# Shindagin / Ithaca NY 6/21



## gorgonzola (Jun 26, 2008)

I took the family up to central NY this past weekend to do a little camping and riding and ended up in Taughannock SP just north of Ithaca on Cayuga lake. We left Friday afternoon and drove up in the pouring rain, than the sky morphs from bruise black and gray to bright blue with the most brilliant rainbow i've ever seen spanning the south end of the lake! 

Lots to do at the park with a nice gorge (like the t shirt says - ithaca is gorges) ending at a 200' waterfall. the best hikes are up through the water in the gorge(not gorge trail)and the rim trails - although all are real easy hikes. all i can say is thunder RIPS through that mofo as we had intermittant storms roll through saturady and sunday nights

No riding there though so i did my saturday morning ride at Shindagin State Forest about a half hour away - sorry no pics.

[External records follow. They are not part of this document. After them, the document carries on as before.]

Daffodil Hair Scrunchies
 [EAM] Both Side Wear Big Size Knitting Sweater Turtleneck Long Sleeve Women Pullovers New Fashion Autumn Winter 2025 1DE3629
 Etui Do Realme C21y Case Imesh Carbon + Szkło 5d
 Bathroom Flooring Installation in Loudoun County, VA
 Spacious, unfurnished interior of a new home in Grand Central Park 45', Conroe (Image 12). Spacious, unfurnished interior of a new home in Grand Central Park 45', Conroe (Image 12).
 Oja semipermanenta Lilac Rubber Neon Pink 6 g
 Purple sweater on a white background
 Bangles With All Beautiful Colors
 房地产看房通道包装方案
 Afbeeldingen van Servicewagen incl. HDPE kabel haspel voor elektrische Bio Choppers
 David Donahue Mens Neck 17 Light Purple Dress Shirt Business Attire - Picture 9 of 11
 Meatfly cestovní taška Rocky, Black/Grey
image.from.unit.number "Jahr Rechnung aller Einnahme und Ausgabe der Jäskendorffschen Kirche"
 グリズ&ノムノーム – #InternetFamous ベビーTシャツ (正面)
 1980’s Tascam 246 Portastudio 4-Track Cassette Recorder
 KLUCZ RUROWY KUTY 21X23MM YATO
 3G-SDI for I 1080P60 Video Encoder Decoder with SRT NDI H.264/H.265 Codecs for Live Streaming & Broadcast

I had posted for some beta and a trail map on cycle-cny.com and ended up meeting a few folks on my ride. real good peeps who do a great job of building/maintaining shinny and other places through out cny. give 'em a shout if your ever up that way and i told them to do the same if they ever get down to the lehigh valley. may even hook up for a half way ride at merli/prompton some time. the trails were awesome fast and flowy singltrack WITH NO ROCKS! lotsa built features - skinnies, logovers, bridges with some free ride type stuff as well. with the rain we had friday it was slick going so i kept the tires close to the ground - hell i keep it close to the ground even when it dry but would have given the elevated bridge and maybe one of the easier skinnies a go. the more technical trails are fairly steep swoopy downhills with lots of turns and woops. highlights include paperboy, bitchditch and the chair trail. Did a total of 12 miles coming in at right around 2 hours. was hoping to ride sun/mon but figured the continued t-storms at night would make it just too soggy and would preserve self and trail for another day.

a report wouldn't be complete wittout mentioning ithaca itself. keeping in mind it was ithaca-fest weekend, its still got to be one of the crunchiest cities around with cornell and ithaca college - i haven't seen that much tie die and pacholi oil since giants stadium 1995


----------